[Supplied material]
──────────
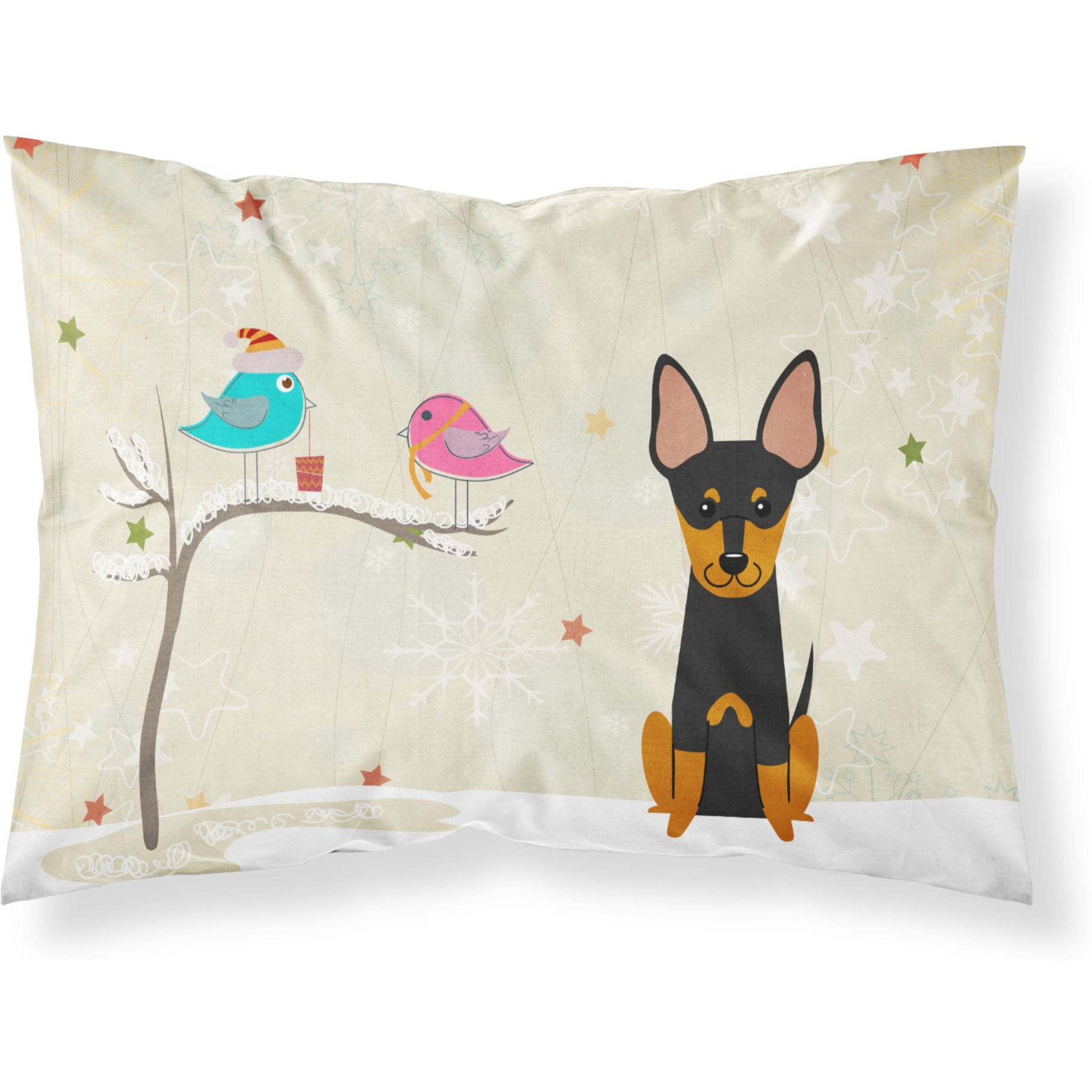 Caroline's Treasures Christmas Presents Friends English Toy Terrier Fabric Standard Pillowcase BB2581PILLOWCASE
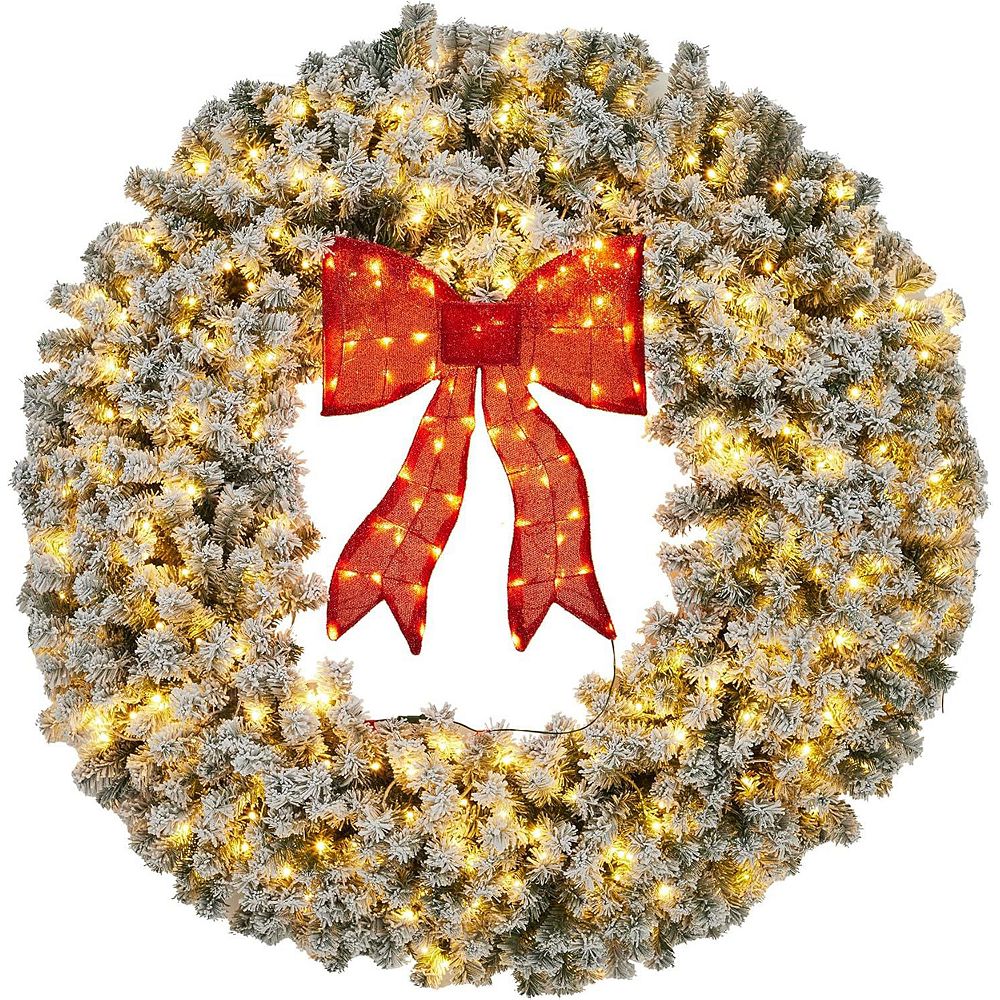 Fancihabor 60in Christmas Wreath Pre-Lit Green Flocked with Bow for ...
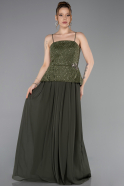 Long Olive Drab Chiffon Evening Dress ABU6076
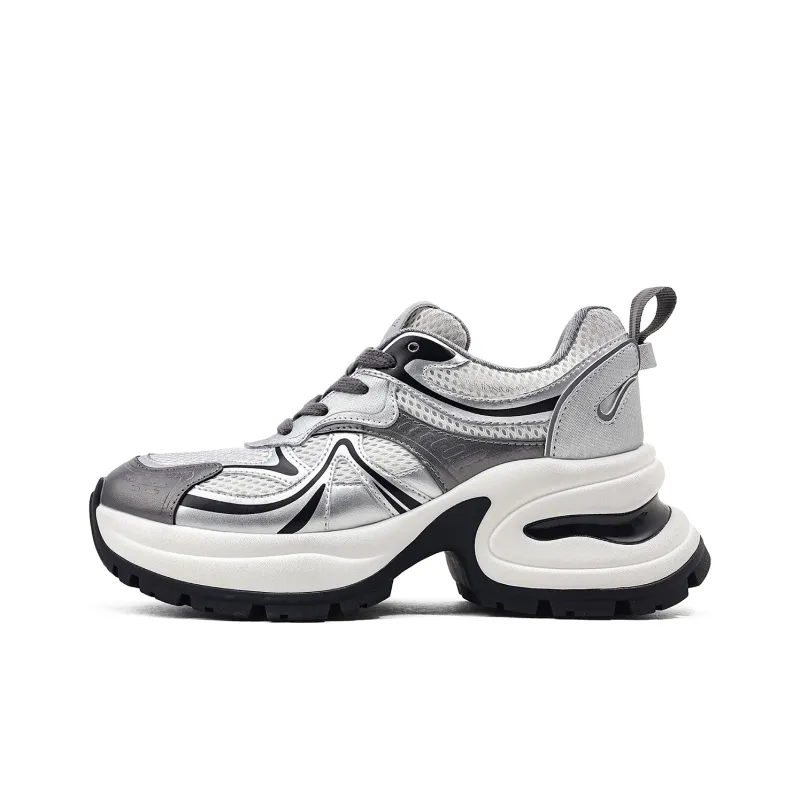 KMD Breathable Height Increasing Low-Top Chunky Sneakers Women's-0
──────────
[What the exercise asks]
Please extract exactly the lines of the data, from the first through the line containing "Long Olive Drab", and add no pictures to the copy.

[Your solution]
 Caroline's Treasures Christmas Presents Friends English Toy Terrier Fabric Standard Pillowcase BB2581PILLOWCASE
 Fancihabor 60in Christmas Wreath Pre-Lit Green Flocked with Bow for ...
 Long Olive Drab Chiffon Evening Dress ABU6076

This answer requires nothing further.